Have you ever been in the shower and questioned whether you had already washed your hair or not? Have you ever spent the day so wrapped up in work that you forgot to eat? These are examples of when we get disconnected from the present moment by becoming too “up in our heads.”
I spent about a year dealing with debilitating depersonalization. Along the way, I learned wonderful strategies to help ground myself back into the present moment. Here are a few ways to reconnect when you’re feeling disconnected.
1. Connect back to your body with physical activity.
Physical activity is an amazing way to bring your attention back to your body. When I would feel dissociated, I would hop into my yoga practice, holding poses like Warrior II or Chair for as long as I needed in order to feel my legs burn. It’s quite difficult to feel disconnected from your body when your legs are screaming at you.

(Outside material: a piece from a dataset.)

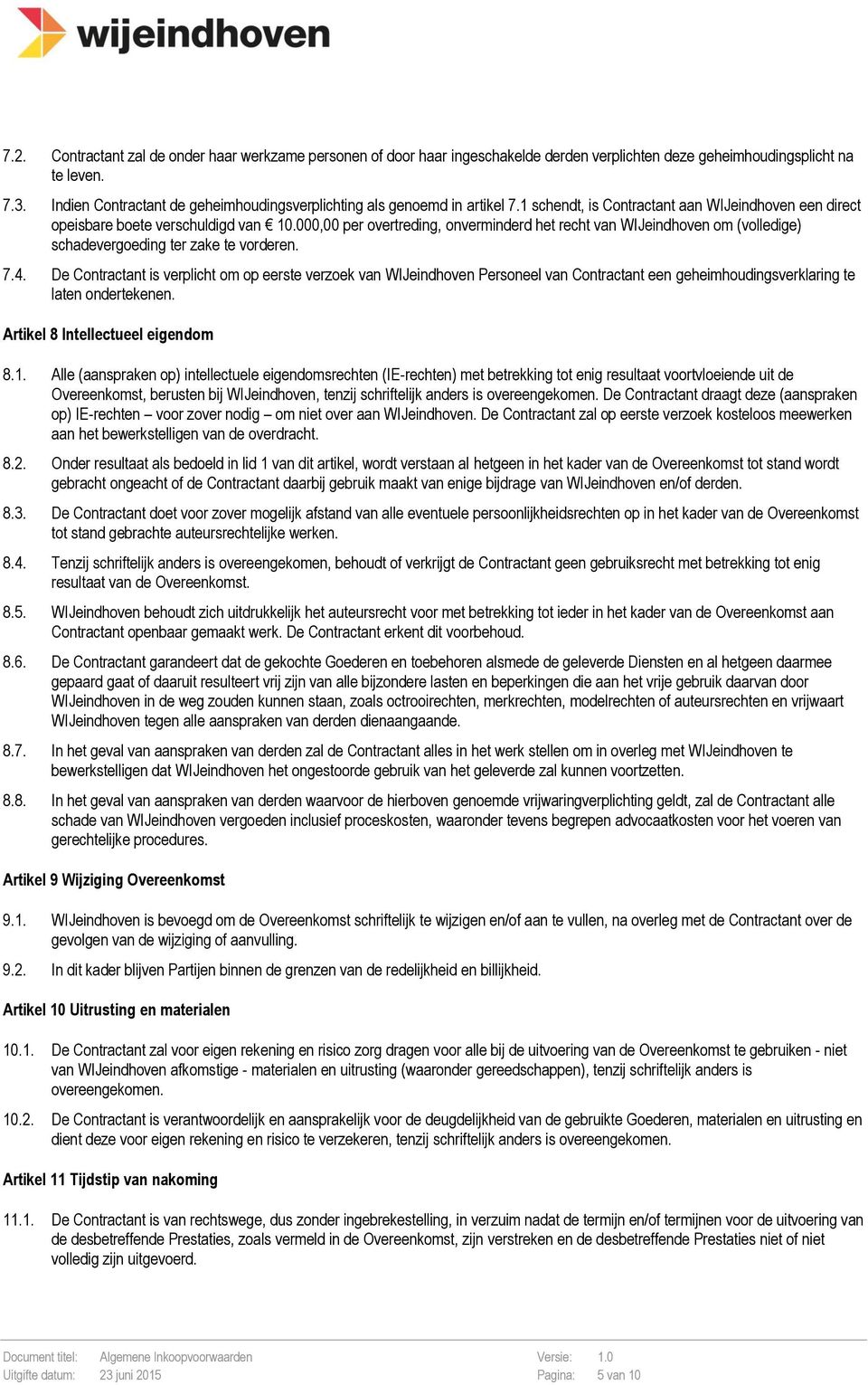 000,00 per overtreding, onverminderd het recht van WIJeindhoven om (volledige) schadevergoeding ter zake te vorderen. 7.4.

Running, dancing, lifting weights, playing a sport, painting, singing. All of these are present moment activities that can remind us that we’re in our bodies. Find a physical activity that you enjoy and then get lost in it.
2. Spend time in nature.
Being in nature is a very grounding experience. One technique, called earthing, involves making direct contact with your body to the Earth. This can be done by simply walking or standing barefoot on the ground, as well as sitting or lying directly on the earth’s surface.
During the worst days of my dissociation, I would take off my shoes and stand barefoot in the grass. I would wiggle my toes and feel the earth beneath me. I concentrated on my connection to it, feeling the energy flow through me from my head down to my feet and into the ground. I would feel the breeze touch my skin, bask in the warmth of the sun, and listen to the birds chirping.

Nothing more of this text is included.